Learning Sparse Structured Ensembles with SG-MCMC and Network Pruning


Nov 07, 2017 (modified: Nov 07, 2017) ICLR 2018 Conference Blind Submission readers: everyone Show Bibtex
  • Abstract: A ensemble of neural networks is known to be more robust and accurate than an individual network, however with linearly-increased cost in both training and testing. In this work, we propose a two-stage method to learn Sparse Structured Ensembles (SSEs) for neural networks. In the first stage, we run SG-MCMC with group sparse priors to draw an ensemble of samples from the posterior distribution of network parameters. In the second stage, we apply weight-pruning to each sampled network and then perform retraining over the remained connections. In this way of learning SSEs with SG-MCMC and pruning, we reduce memory and computation cost significantly in both training and testing of NN ensembles, while maintaining high prediction accuracy. This is empirically verified in the experiments of learning SSE ensembles of both FNNs and LSTMs.
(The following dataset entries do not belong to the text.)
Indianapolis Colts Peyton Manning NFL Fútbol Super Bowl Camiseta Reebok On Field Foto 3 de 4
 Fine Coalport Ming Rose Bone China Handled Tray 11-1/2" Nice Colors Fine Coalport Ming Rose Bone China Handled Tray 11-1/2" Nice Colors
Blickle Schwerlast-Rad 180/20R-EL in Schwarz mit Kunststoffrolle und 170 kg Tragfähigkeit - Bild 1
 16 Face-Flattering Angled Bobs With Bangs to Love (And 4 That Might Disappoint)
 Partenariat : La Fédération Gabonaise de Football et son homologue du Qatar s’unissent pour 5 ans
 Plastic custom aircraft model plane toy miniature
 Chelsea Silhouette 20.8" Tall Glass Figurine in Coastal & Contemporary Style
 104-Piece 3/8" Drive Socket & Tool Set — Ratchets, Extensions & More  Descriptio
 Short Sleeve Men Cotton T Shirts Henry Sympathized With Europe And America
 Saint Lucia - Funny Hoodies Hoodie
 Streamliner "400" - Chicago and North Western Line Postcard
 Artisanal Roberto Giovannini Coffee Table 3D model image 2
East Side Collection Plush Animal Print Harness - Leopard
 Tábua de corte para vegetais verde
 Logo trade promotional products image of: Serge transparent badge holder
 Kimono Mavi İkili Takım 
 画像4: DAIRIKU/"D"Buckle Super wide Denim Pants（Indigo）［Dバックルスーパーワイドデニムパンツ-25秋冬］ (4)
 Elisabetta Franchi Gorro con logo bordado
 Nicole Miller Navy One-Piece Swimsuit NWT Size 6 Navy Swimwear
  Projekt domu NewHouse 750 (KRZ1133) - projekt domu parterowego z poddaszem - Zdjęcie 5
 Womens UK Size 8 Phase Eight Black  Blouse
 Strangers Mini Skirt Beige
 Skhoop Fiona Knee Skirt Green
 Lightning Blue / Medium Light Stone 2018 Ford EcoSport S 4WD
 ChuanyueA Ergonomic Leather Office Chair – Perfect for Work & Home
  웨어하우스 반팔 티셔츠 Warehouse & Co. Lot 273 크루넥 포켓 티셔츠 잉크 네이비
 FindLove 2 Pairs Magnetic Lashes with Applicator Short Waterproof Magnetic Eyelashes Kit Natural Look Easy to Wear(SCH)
For example, in LSTM based language modeling (LM), we obtain 12\% relative improvement in LM perplexity by learning a SSE of 4 large LSTM models, which has only 40\% of model parameters and 90\% of computations in total, as compared to a state-of-the-art large LSTM LM.
  • TL;DR: Propose a novel method by integrating SG-MCMC sampling, group sparse prior and network pruning to learn Sparse Structured Ensemble (SSE) with greater performance and significantly lower cost than traditional methods.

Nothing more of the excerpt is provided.